▶ Material provided:
**********

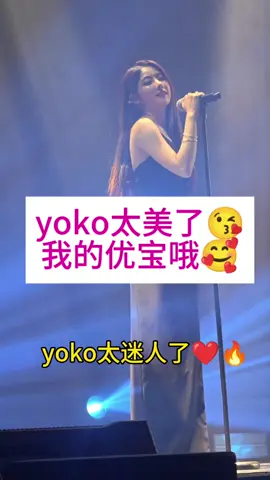 yokoapasra.泰国曼谷生日会❤️🔥🫧🦋我爱你😘与无关痛痒的人无关，让我们继续更美丽的未来每一天哦٩◔̯◔۶😘🥰#fayeyoko #yokoapasra #fyppppppppppppppppppppppp #neko #yoko #fyp 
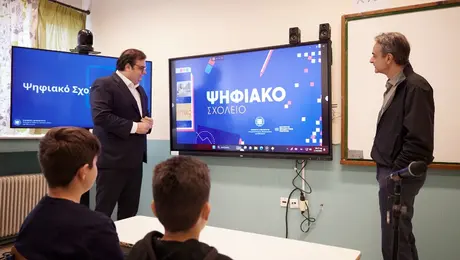 Mitsotakis psifiako frontistirio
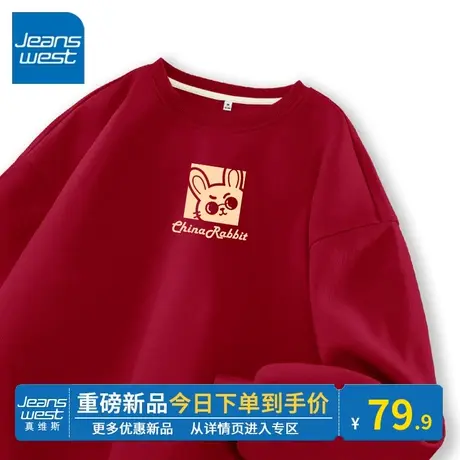 KV真维斯连帽卫衣圆领新款上衣红色女春秋薄款2024龙年本命年衣服商品大图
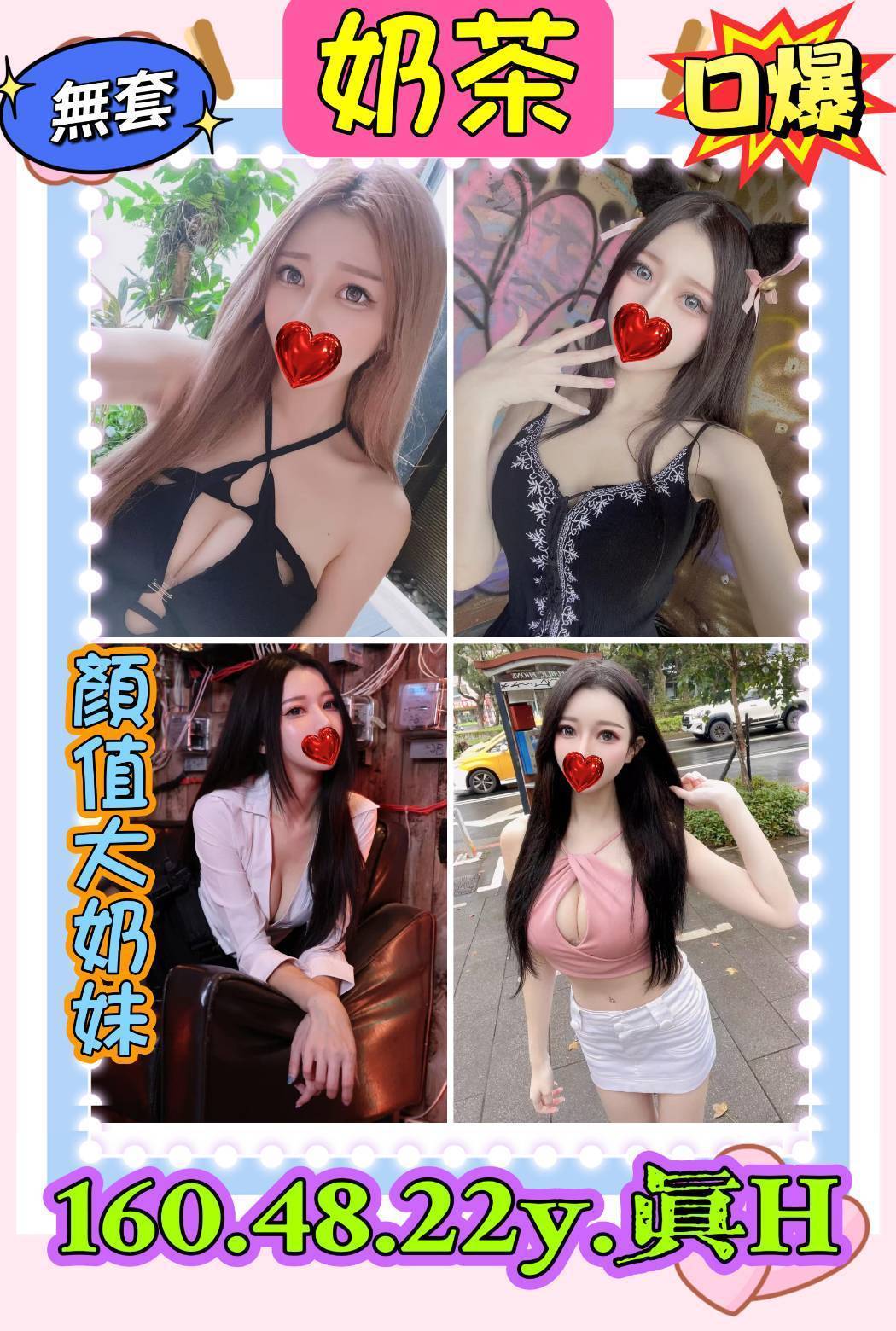奶茶 (xs6msum9h7) - 越南妹 新北，22歲，H罩杯 - 冰火菠蘿油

**********

Give again, exactly, each line from the one that contains "Mitsotakis psifiako frontistirio" through the last line of the material above. Pictures do not belong in the copy.

 Mitsotakis psifiako frontistirio
 KV真维斯连帽卫衣圆领新款上衣红色女春秋薄款2024龙年本命年衣服商品大图
奶茶 (xs6msum9h7) - 越南妹 新北，22歲，H罩杯 - 冰火菠蘿油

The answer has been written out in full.